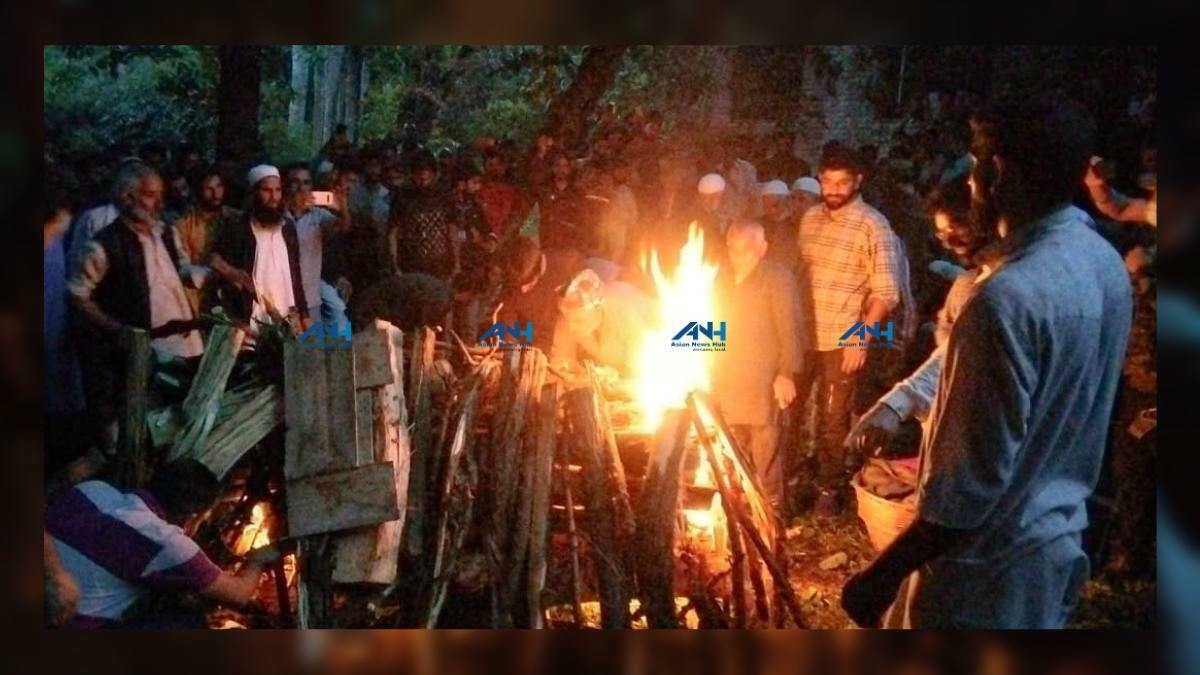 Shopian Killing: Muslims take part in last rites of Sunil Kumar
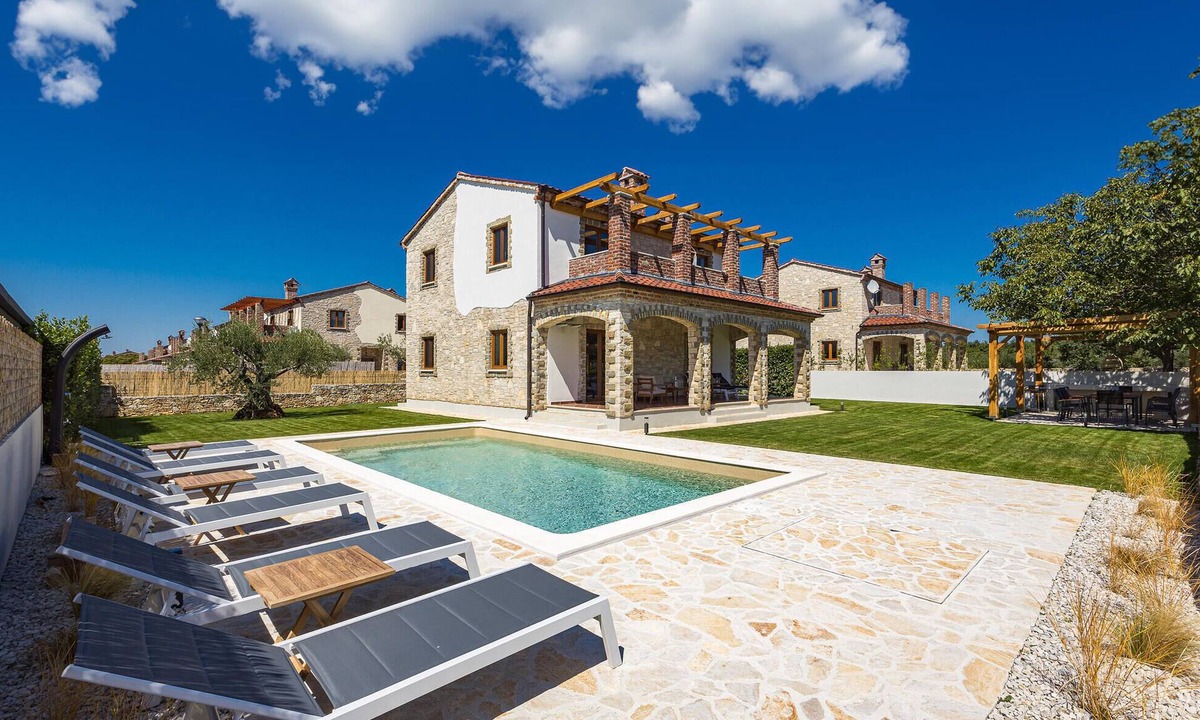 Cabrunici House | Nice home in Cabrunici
---
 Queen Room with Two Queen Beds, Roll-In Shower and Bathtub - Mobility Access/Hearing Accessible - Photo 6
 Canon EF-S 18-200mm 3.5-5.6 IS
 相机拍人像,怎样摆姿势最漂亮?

> _What this task involves_: Return exactly the lines of the material above, starting at the line containing "Shopian Killing: Muslims" and finishing at the line containing "Cabrunici House | Nice home in Cabrunici", without any pictures.

> _Response to the task_:
 Shopian Killing: Muslims take part in last rites of Sunil Kumar
 Cabrunici House | Nice home in Cabrunici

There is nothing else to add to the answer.